Comment by treesknees
7 hours ago
Something I didn’t see mentioned was that this unequal memory access time also affects pcie I/O. If your thread on CPU A needs to get data in or out of a nic on CPU B, your throughput/latency will be impacted.
We have to explain this to customers of our software all the time, it’s something that’s easy to miss.
Was going to mention this too, as it burned me once. Not cause I didn't know about it but because I was accidentally running stuff on the wrong node, and it wasn't obvious which slot was which node.
Same. The drop in performance can be surprisingly bad. 10Gbps becomes 5Gbps. 100Gbps becomes 20Gbps.
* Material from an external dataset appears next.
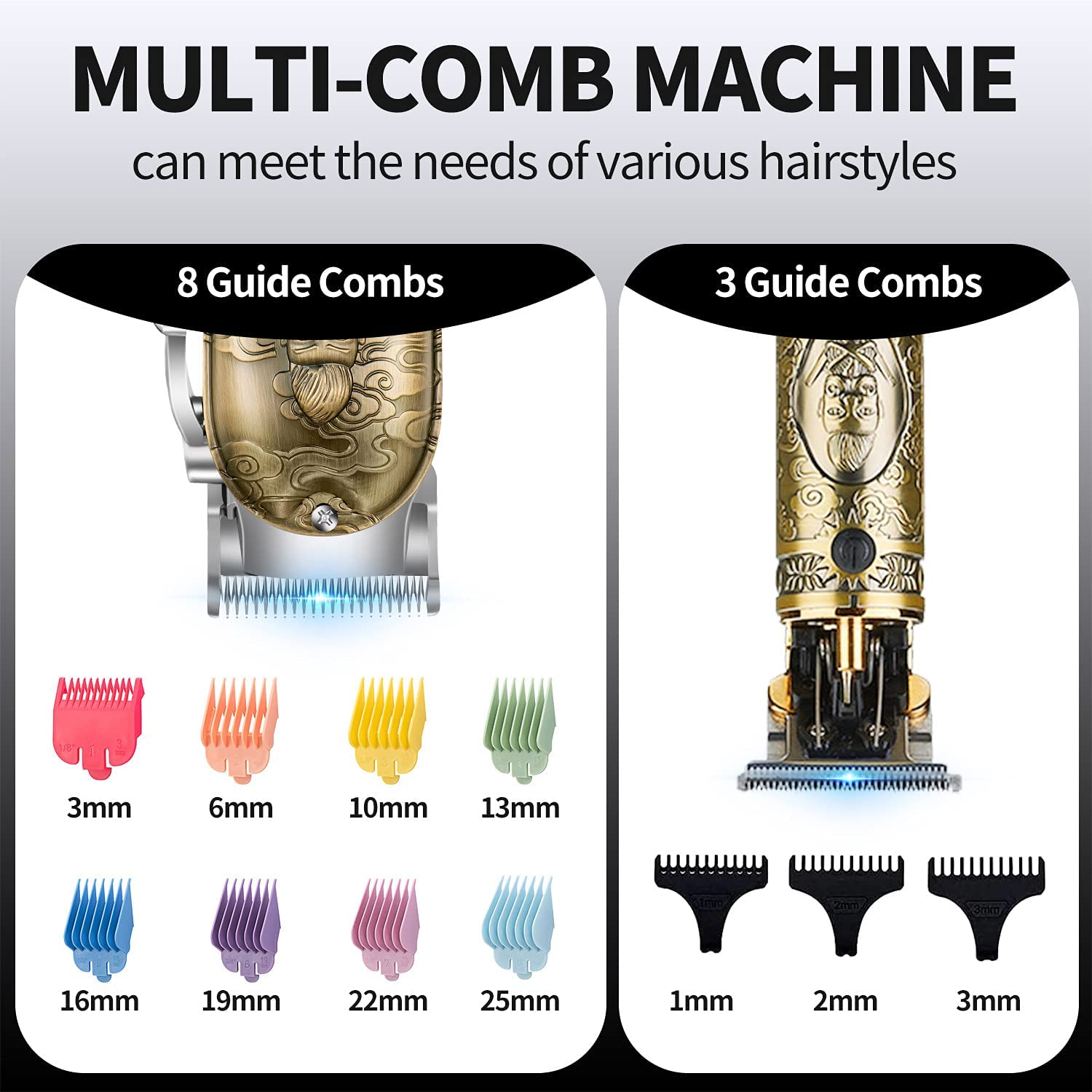 Hair Clippers for Men T-Blade Trimmer Professional Barber Clippers - Image 3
When building Edera (product from article), I also had the added problem of the virtual networking gap where I was bridging a 10Gbit NIC over a virtual interface, and I had weird performance bouncing between 3Gbit and the full 10Gbit. Luckily I had built networking drivers before and knew the complexities of it, and managed to profile it down to the virtual interface getting worst-case NUMA occasionally.
The part 2 is going to cover how we actually solved it, which involves every part of the system having knowledge. It's so easy to ignore but it has a massive impact on perf.
(CTO of Edera here)
Great point! We also try to factor that in as well.
Steven (the author) will cover that in part 2!